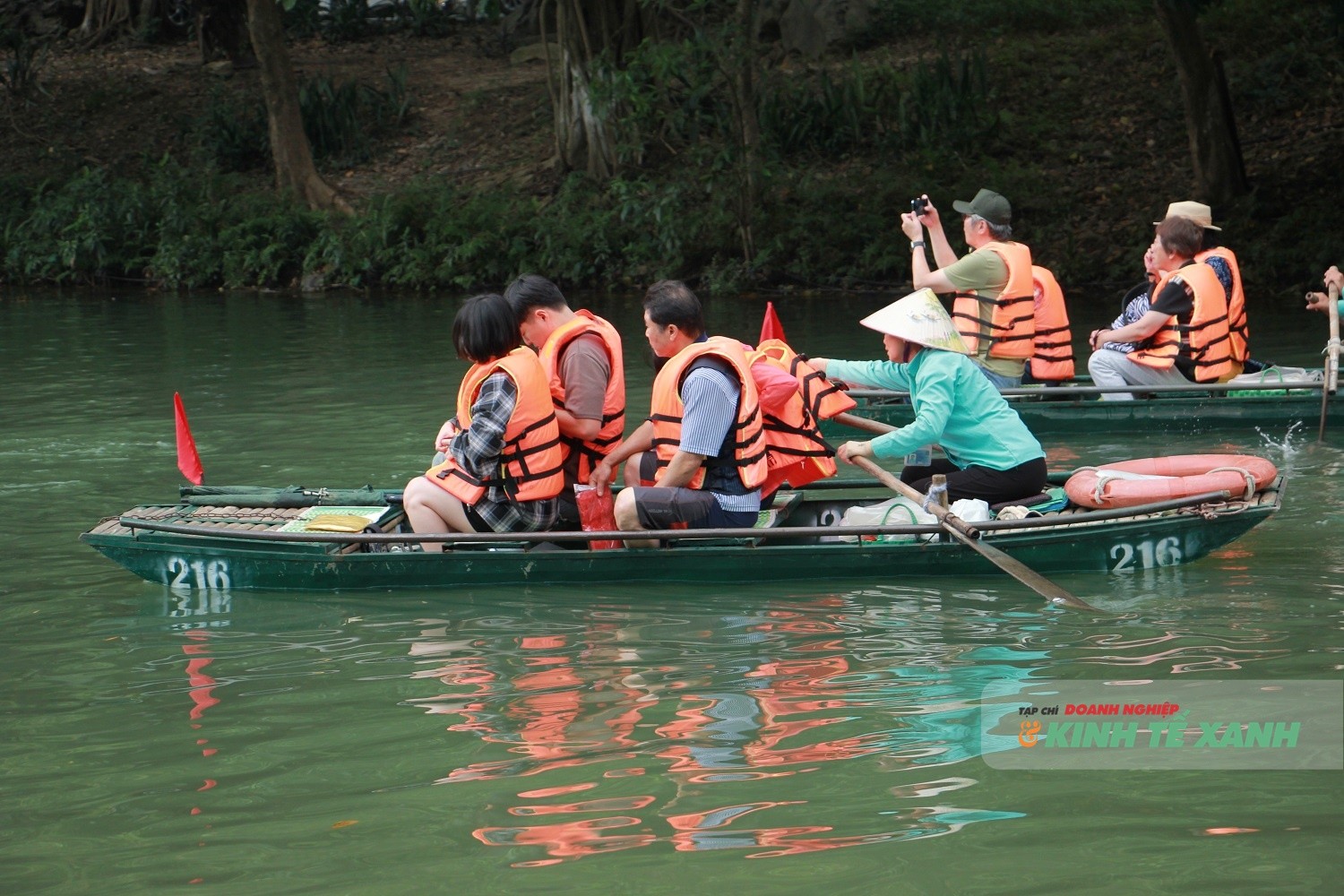 trang-an-2-1777550114.JPG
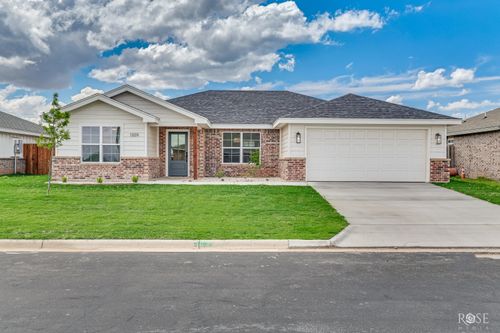 1309 Johnny Ln, San Angelo, TX, 76905-2343 | Card Image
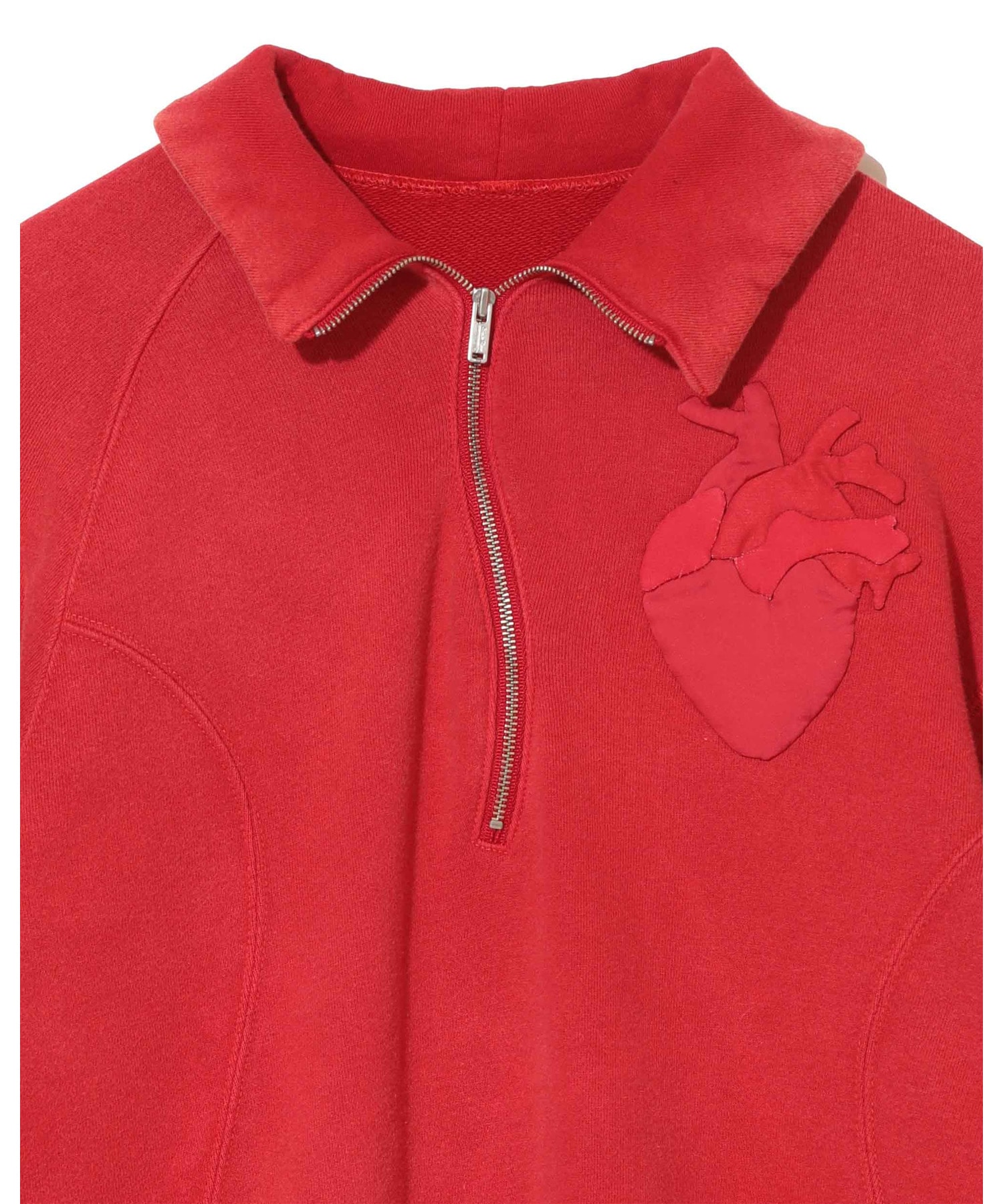 UC1F1807 詳細画像 RED 3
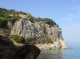 Sardinie 2
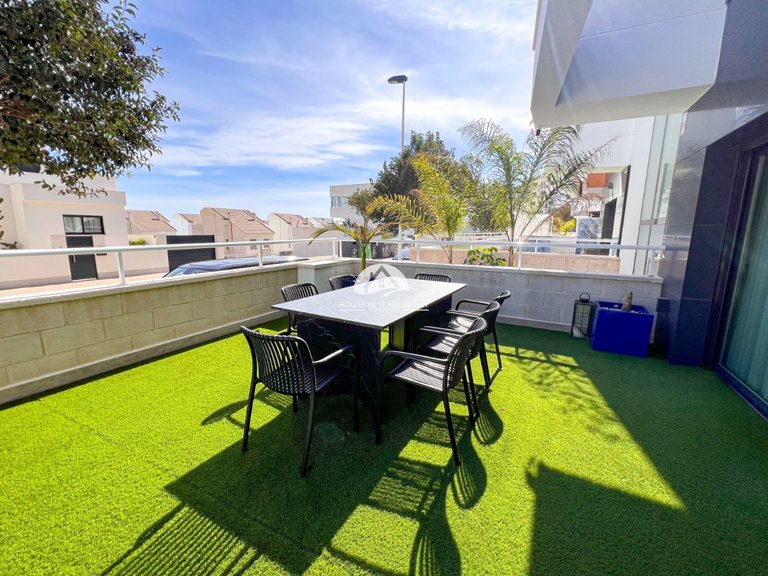 Apartment for Sale in Guardamar - El Raso Guardamar Del Segura, Alicante 21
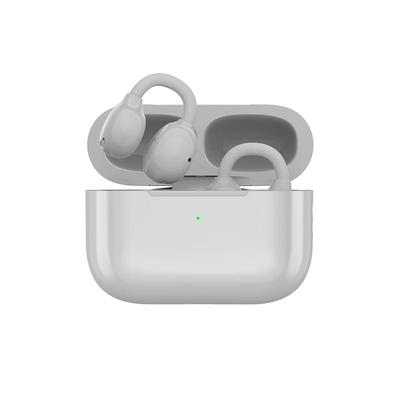 Audio e Video – Cuffie wireless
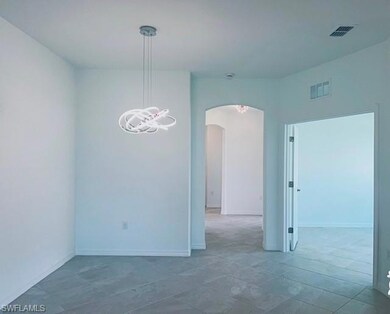 2648 Vine Ave, Naples, FL 34120 - photo 2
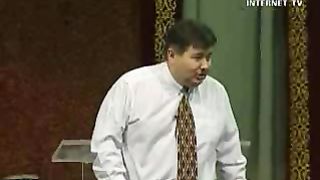 Максим Максимов - Ад 1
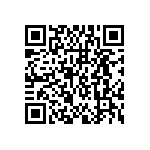 HDWM-19-56-G-S-250-SM QRCode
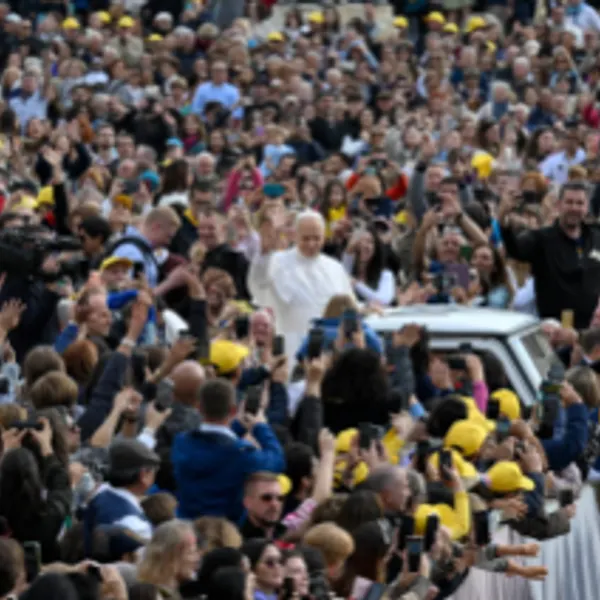 Catequesis. 7. Esperar no es saber – Nicolás de Cusa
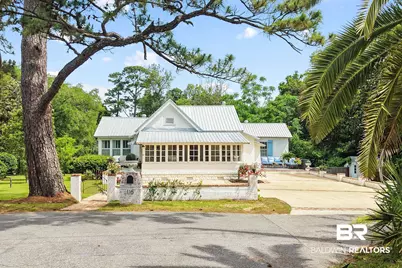 115 North Avenue, Fairhope, AL 36532 - Photo 37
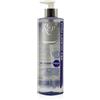 Pharmabio Rev Pharmabio Rev Oilsoft Psoa 500 Ml Detergente Struccante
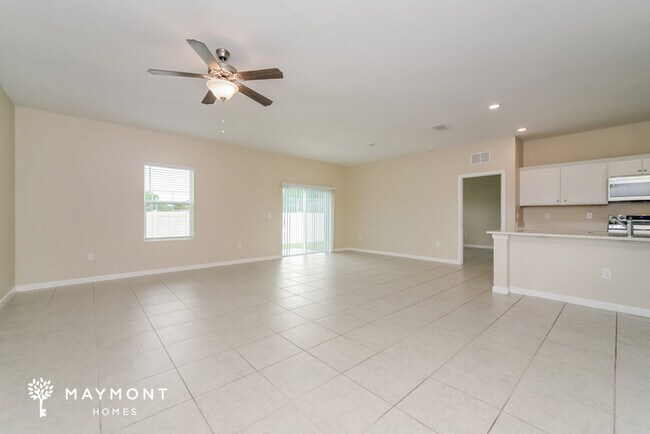 Photo - 317 Cartee Ln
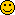 :klimoglav:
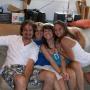 Paul Yoder Photo 41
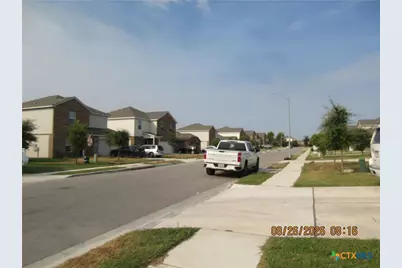 145 Dupont Pass, Jarrell, TX 76537 - Photo 22
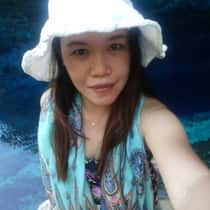 Denice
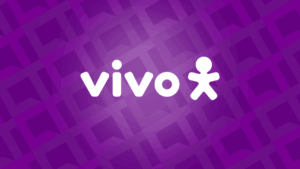 Vivo Easy agora tem planos "Lite"; veja o que muda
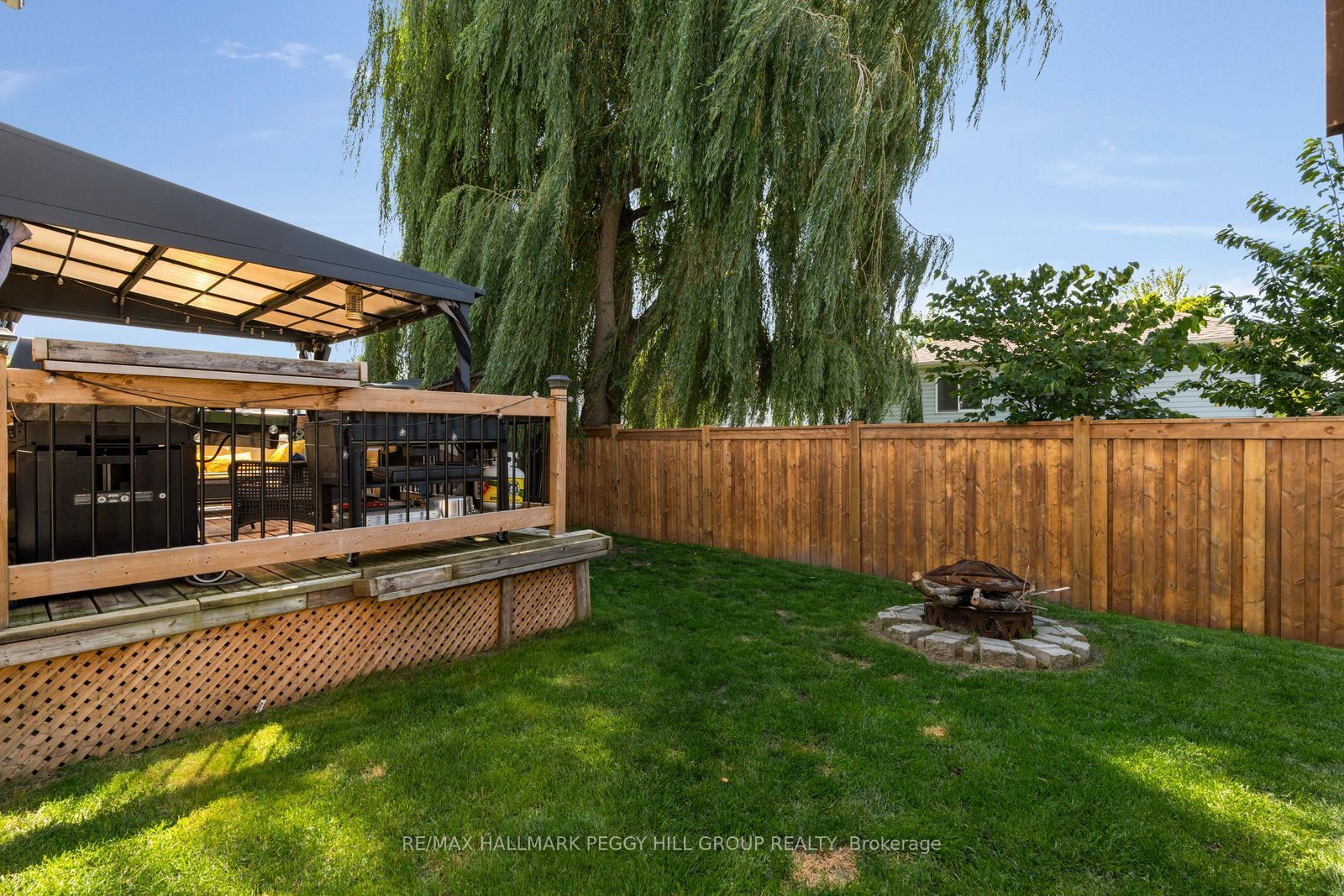 14 Copeman Crescent Property Photo 17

Aim of the exercise: What must be output is the exact run of lines from the one holding "Photo - 317 Cartee Ln" through the end of the entries above, both ends included, minus the pictures.

Solution to this task:
 Photo - 317 Cartee Ln
 :klimoglav:
 Paul Yoder Photo 41
 145 Dupont Pass, Jarrell, TX 76537 - Photo 22
 Denice
 Vivo Easy agora tem planos "Lite"; veja o que muda
 14 Copeman Crescent Property Photo 17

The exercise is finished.